About this task :: Every line of the listing below must be printed again exactly, apart from its pictures.

Given material ::
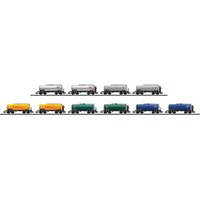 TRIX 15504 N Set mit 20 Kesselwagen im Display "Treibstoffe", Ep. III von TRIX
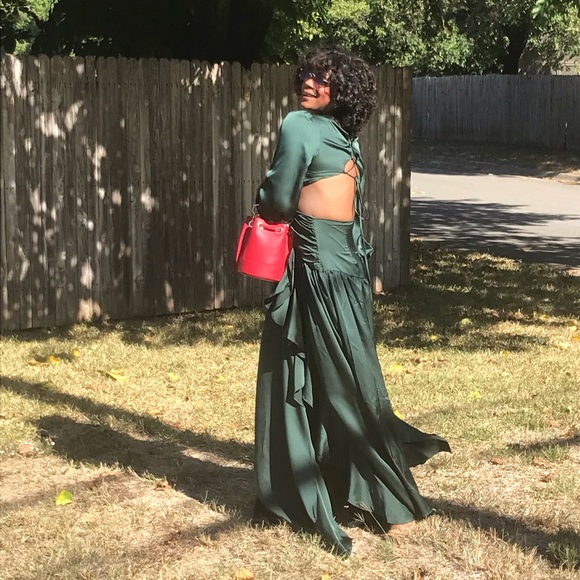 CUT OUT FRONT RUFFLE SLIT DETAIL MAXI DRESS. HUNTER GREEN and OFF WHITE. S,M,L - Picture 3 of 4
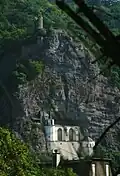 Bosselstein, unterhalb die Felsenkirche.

Expected output ::
 TRIX 15504 N Set mit 20 Kesselwagen im Display "Treibstoffe", Ep. III von TRIX
 CUT OUT FRONT RUFFLE SLIT DETAIL MAXI DRESS. HUNTER GREEN and OFF WHITE. S,M,L - Picture 3 of 4
 Bosselstein, unterhalb die Felsenkirche.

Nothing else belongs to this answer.